_AIM OF THE TASK_:
The full listing, exactly as written and with no images, is the expected output.

_INPUT DATA_:
= = = = = = =

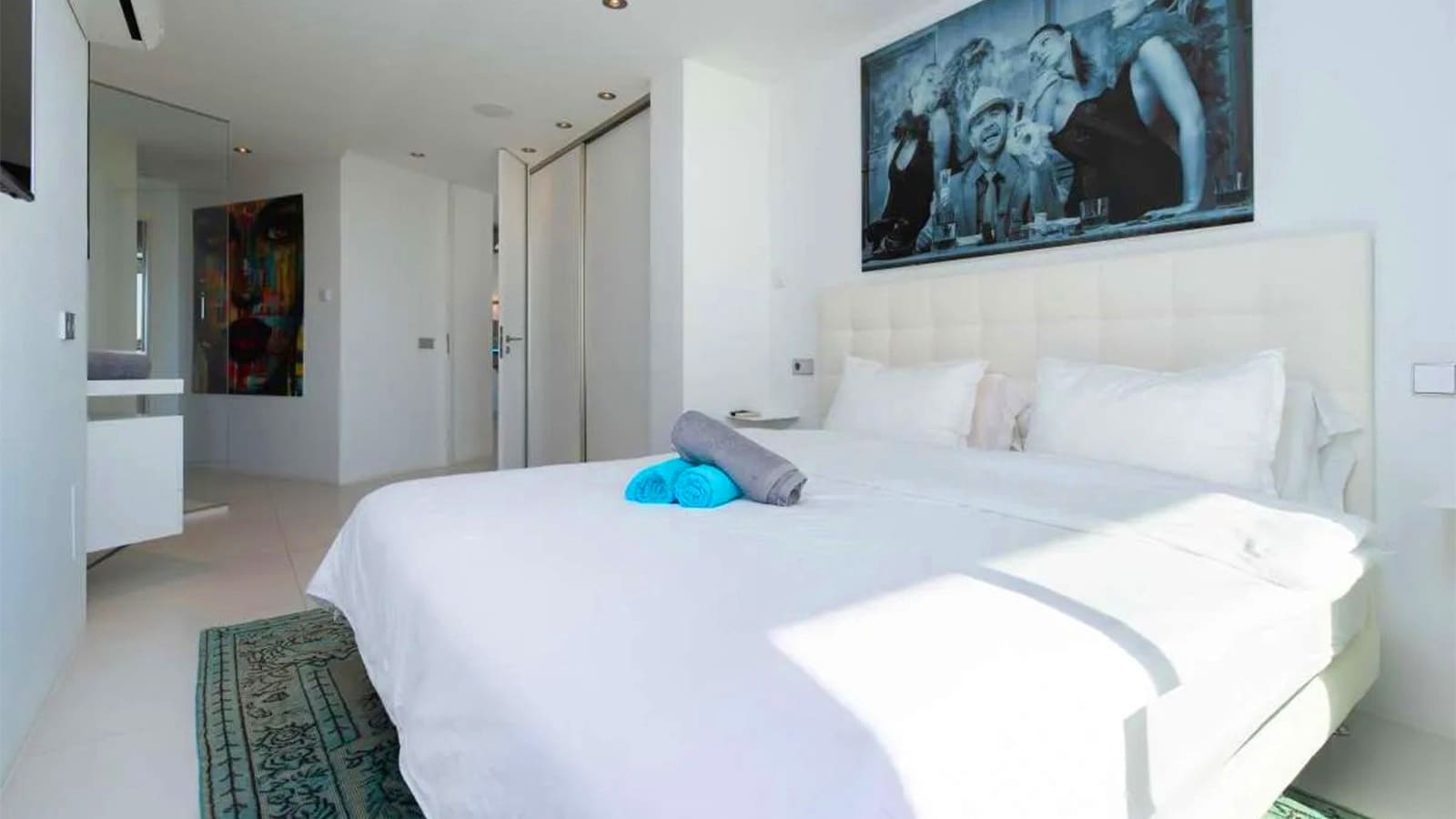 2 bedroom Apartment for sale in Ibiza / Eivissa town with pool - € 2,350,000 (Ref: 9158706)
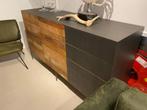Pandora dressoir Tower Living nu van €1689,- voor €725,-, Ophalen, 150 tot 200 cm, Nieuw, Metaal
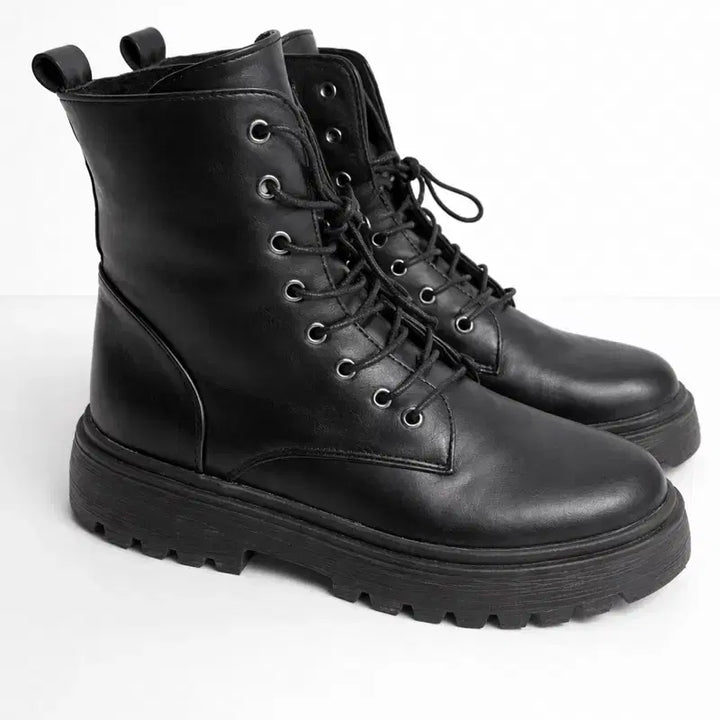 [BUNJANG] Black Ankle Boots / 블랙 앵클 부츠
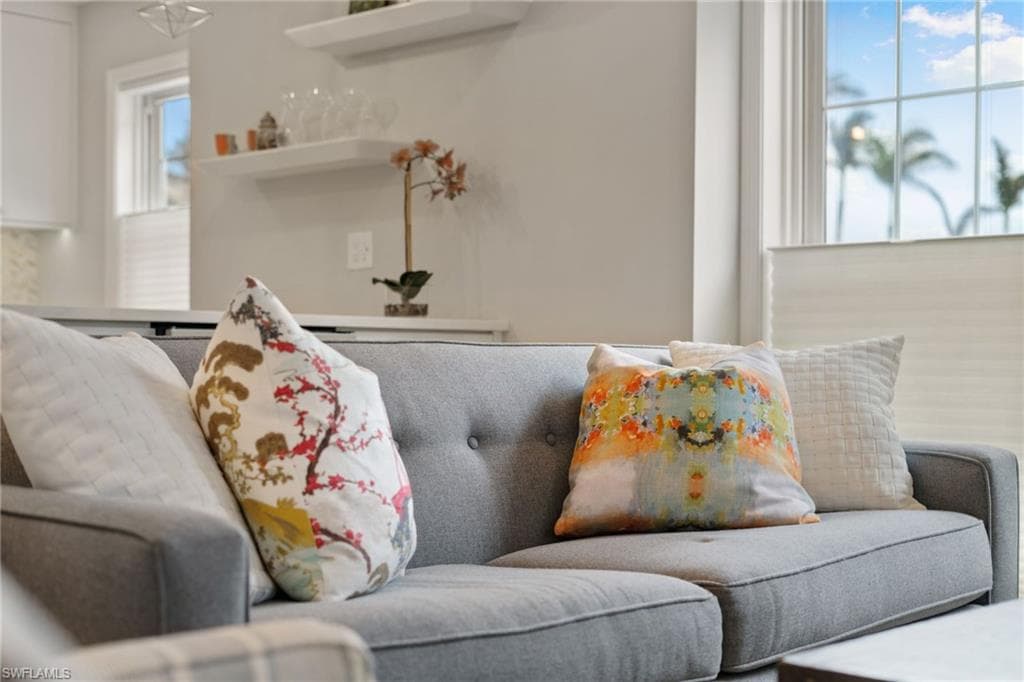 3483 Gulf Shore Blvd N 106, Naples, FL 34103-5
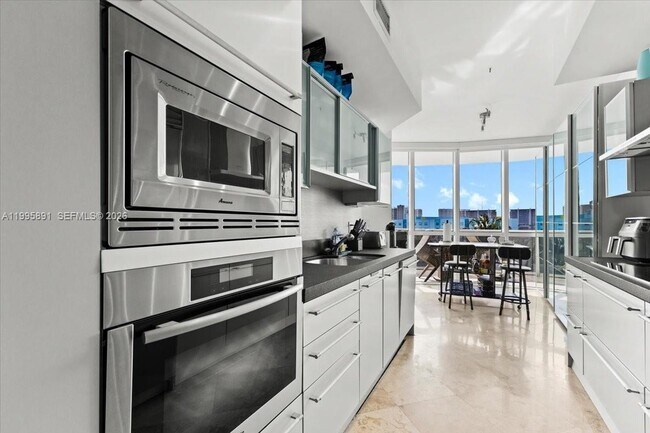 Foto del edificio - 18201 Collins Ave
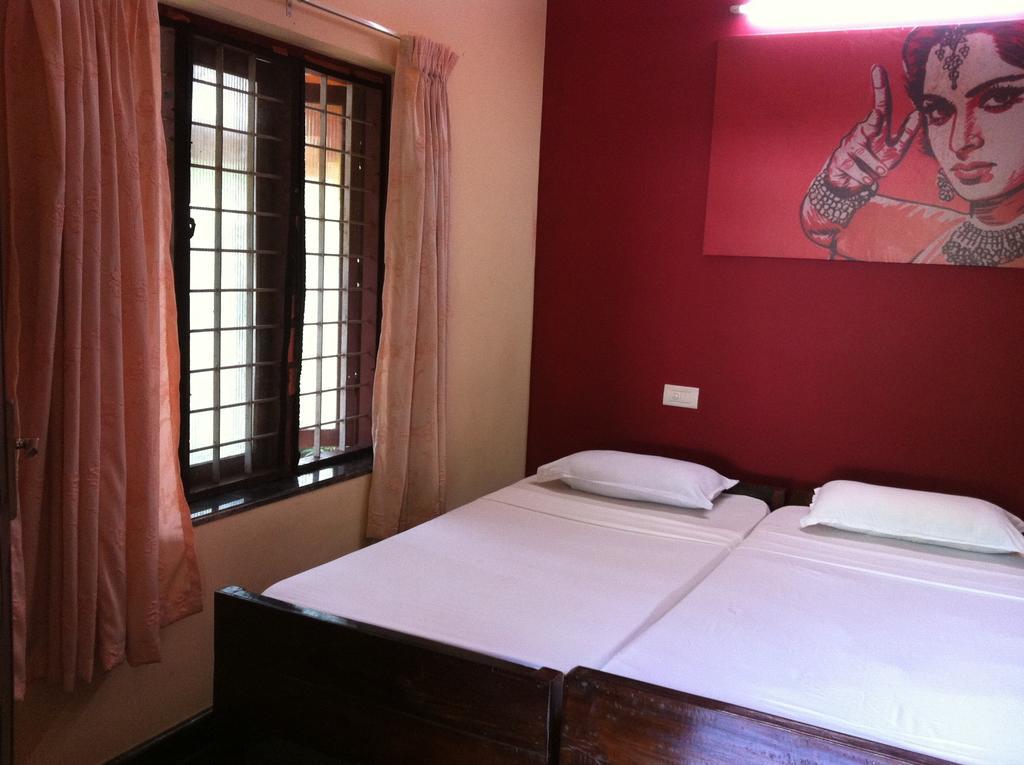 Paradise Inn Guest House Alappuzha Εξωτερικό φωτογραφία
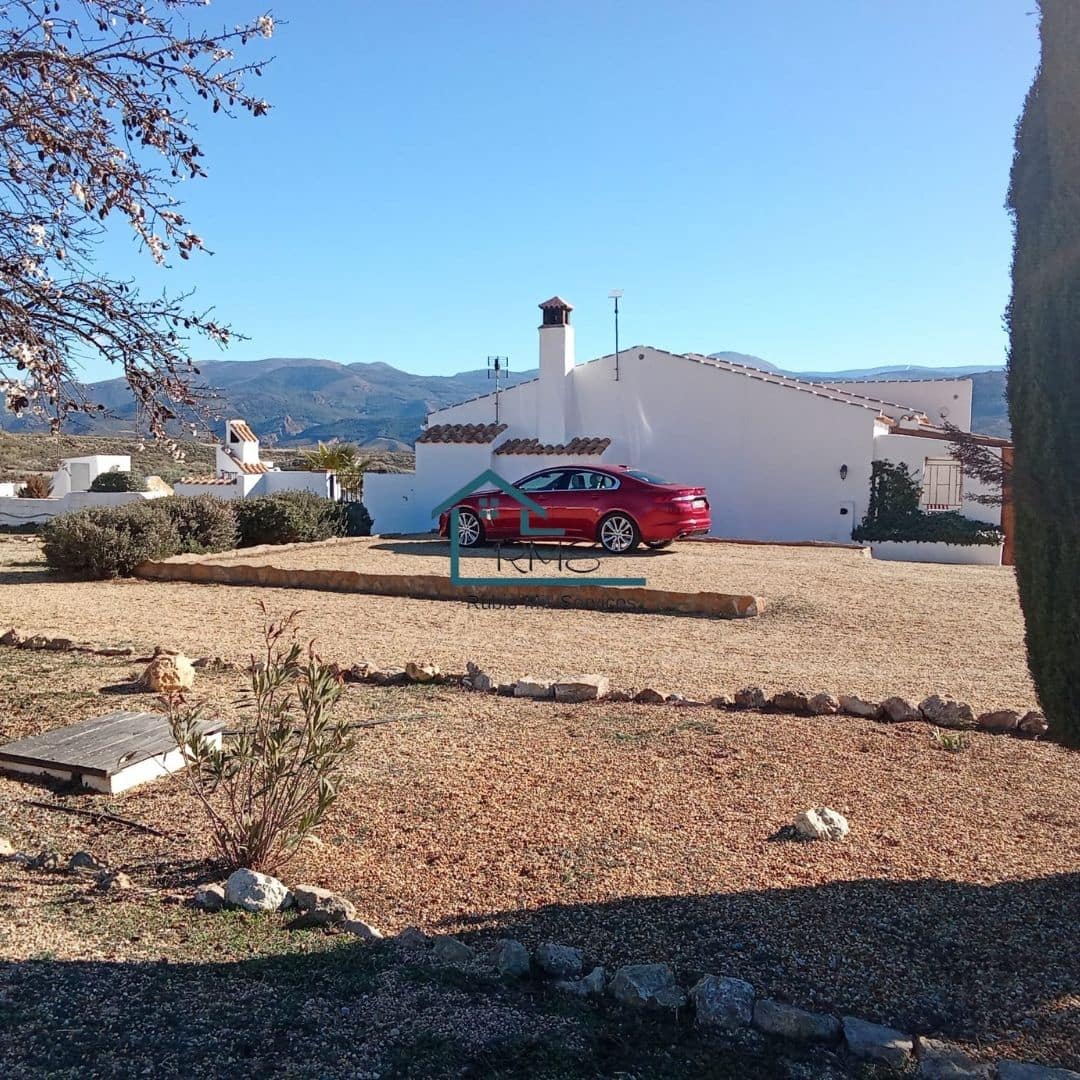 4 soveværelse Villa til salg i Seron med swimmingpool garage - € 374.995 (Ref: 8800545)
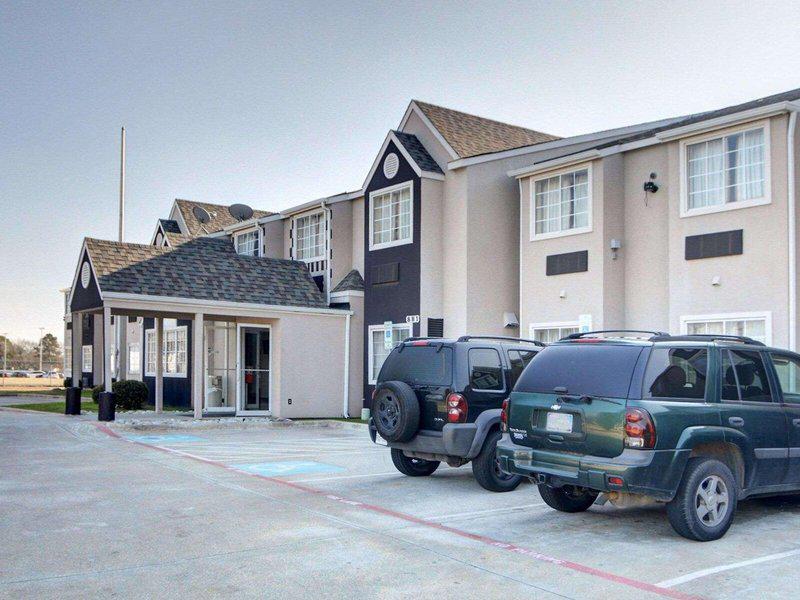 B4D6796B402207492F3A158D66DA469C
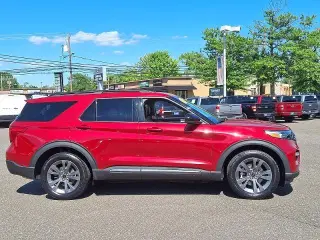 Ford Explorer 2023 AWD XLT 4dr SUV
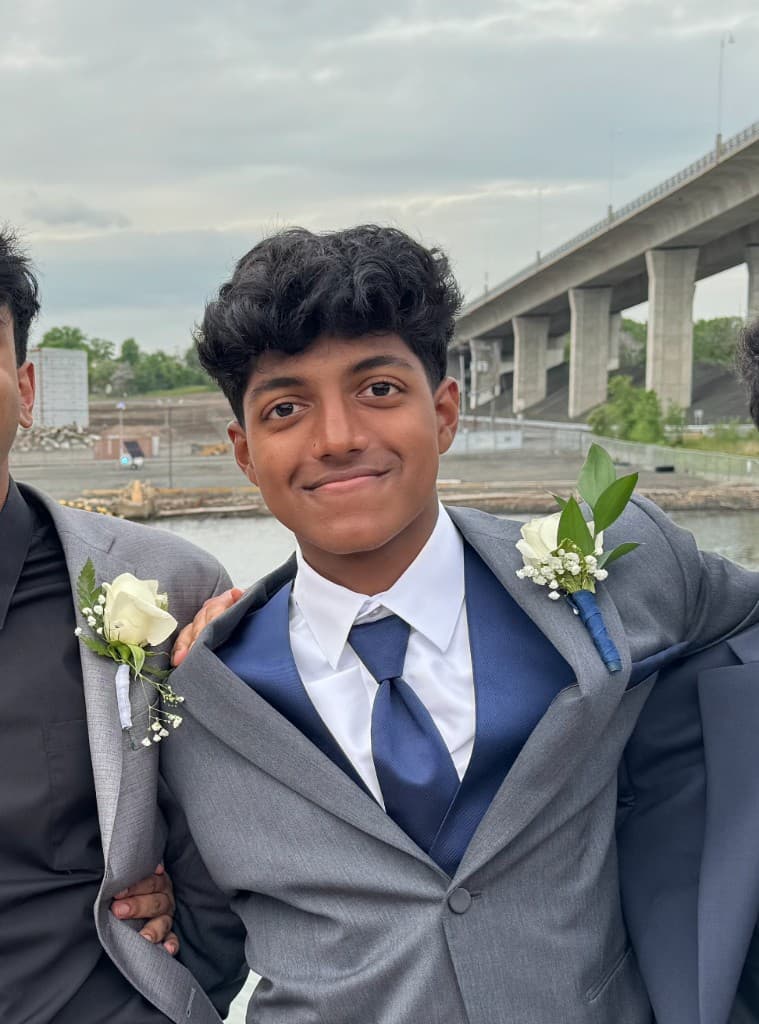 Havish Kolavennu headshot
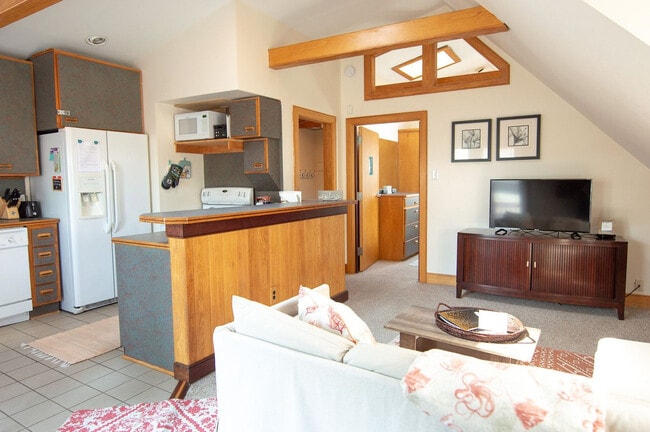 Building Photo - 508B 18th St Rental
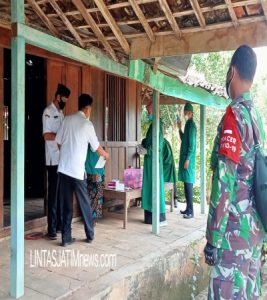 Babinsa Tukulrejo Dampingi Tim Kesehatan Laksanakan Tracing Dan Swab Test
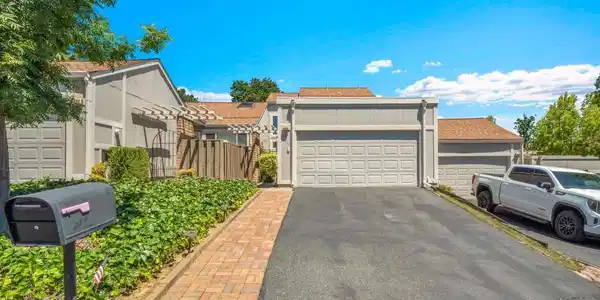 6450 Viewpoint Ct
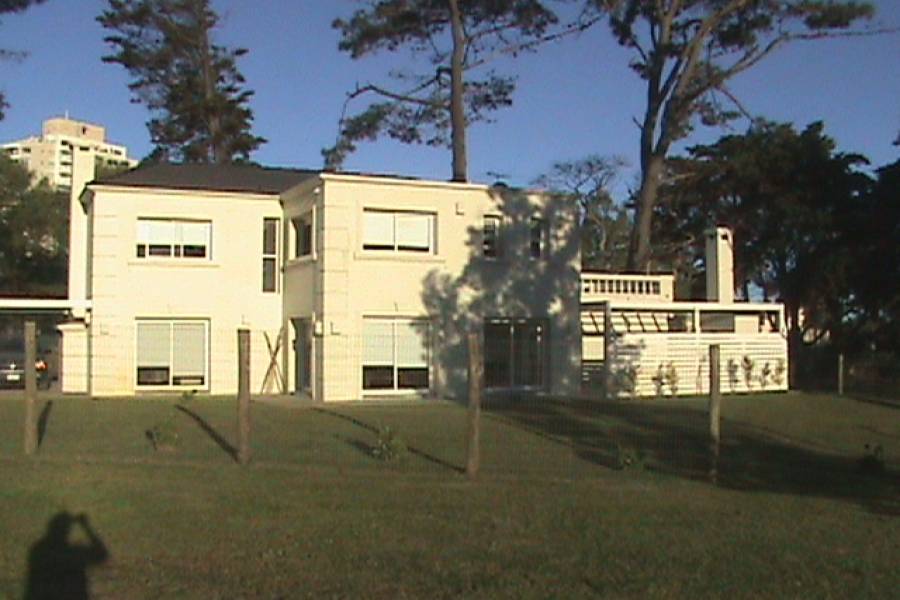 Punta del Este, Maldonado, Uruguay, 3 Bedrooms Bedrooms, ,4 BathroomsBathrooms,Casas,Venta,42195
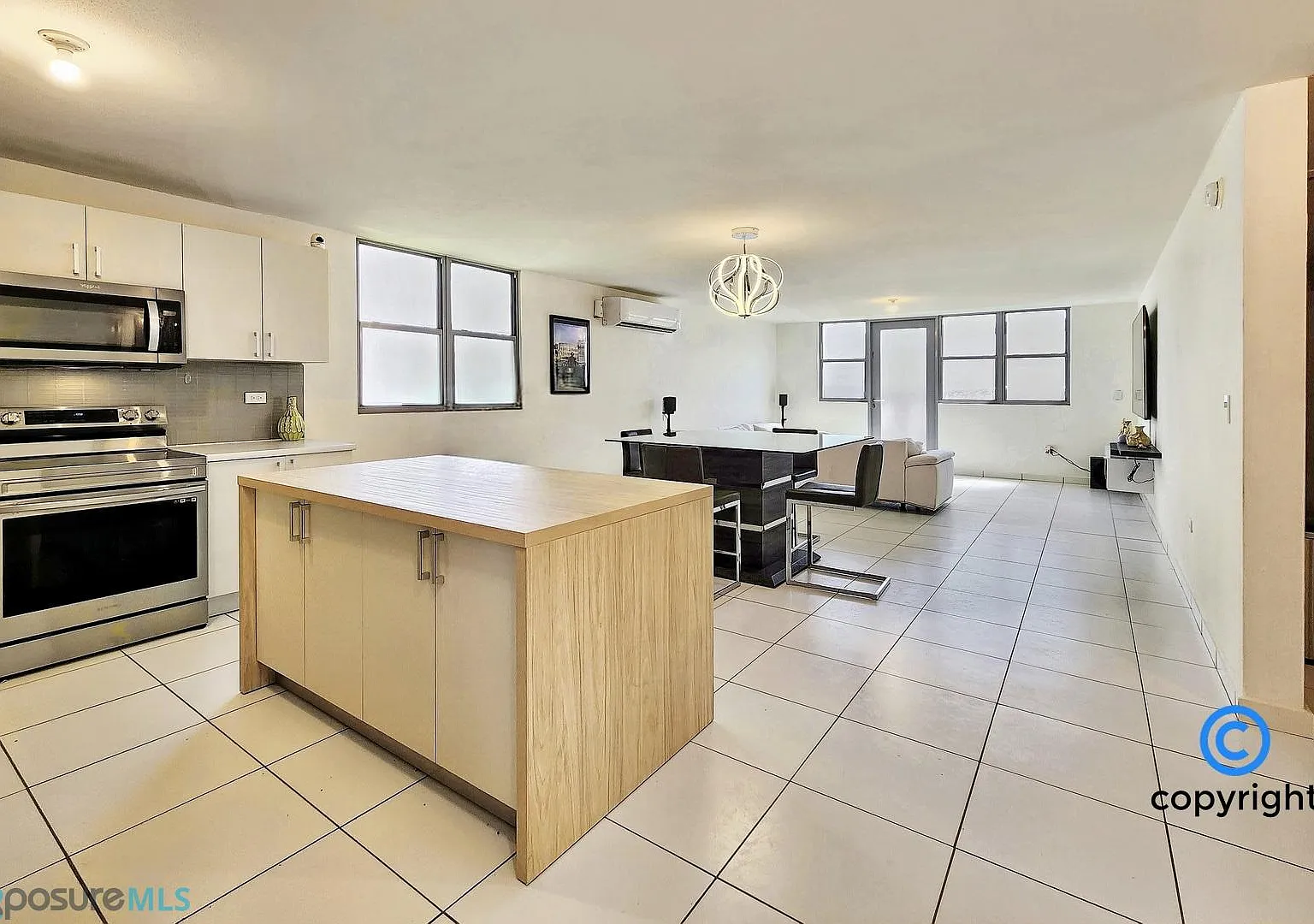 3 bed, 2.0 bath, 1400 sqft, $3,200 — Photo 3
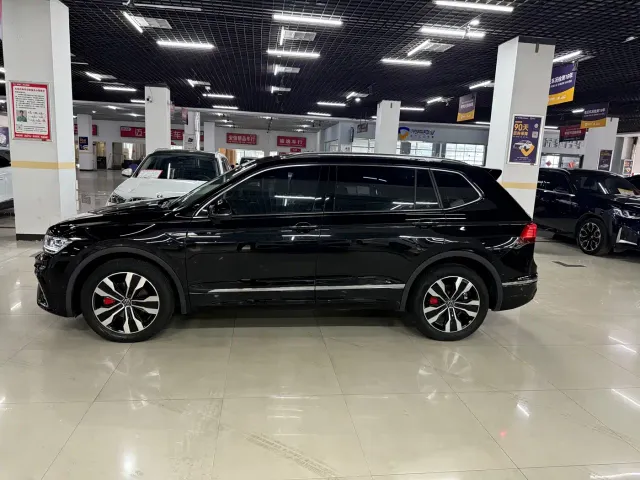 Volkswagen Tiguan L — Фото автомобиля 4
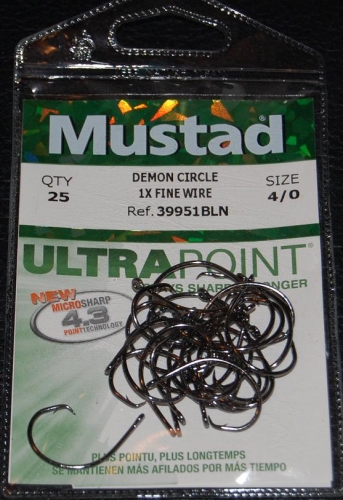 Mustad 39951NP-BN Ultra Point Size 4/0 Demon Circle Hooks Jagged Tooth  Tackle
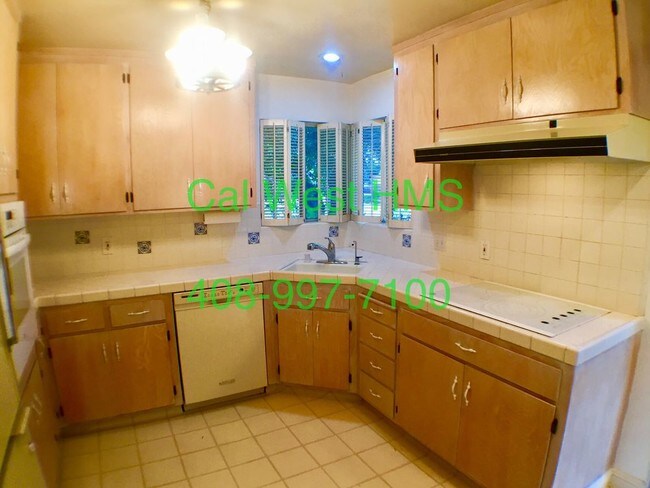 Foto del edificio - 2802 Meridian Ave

= = = = = = =

_WORKED SOLUTION_:
 2 bedroom Apartment for sale in Ibiza / Eivissa town with pool - € 2,350,000 (Ref: 9158706)
Pandora dressoir Tower Living nu van €1689,- voor €725,-, Ophalen, 150 tot 200 cm, Nieuw, Metaal
 [BUNJANG] Black Ankle Boots / 블랙 앵클 부츠
 3483 Gulf Shore Blvd N 106, Naples, FL 34103-5
 Foto del edificio - 18201 Collins Ave
 Paradise Inn Guest House Alappuzha Εξωτερικό φωτογραφία
 4 soveværelse Villa til salg i Seron med swimmingpool garage - € 374.995 (Ref: 8800545)
 B4D6796B402207492F3A158D66DA469C
 Ford Explorer 2023 AWD XLT 4dr SUV
 Havish Kolavennu headshot
 Building Photo - 508B 18th St Rental
 Babinsa Tukulrejo Dampingi Tim Kesehatan Laksanakan Tracing Dan Swab Test
 6450 Viewpoint Ct
 Punta del Este, Maldonado, Uruguay, 3 Bedrooms Bedrooms, ,4 BathroomsBathrooms,Casas,Venta,42195
 3 bed, 2.0 bath, 1400 sqft, $3,200 — Photo 3
 Volkswagen Tiguan L — Фото автомобиля 4
 Mustad 39951NP-BN Ultra Point Size 4/0 Demon Circle Hooks Jagged Tooth  Tackle
 Foto del edificio - 2802 Meridian Ave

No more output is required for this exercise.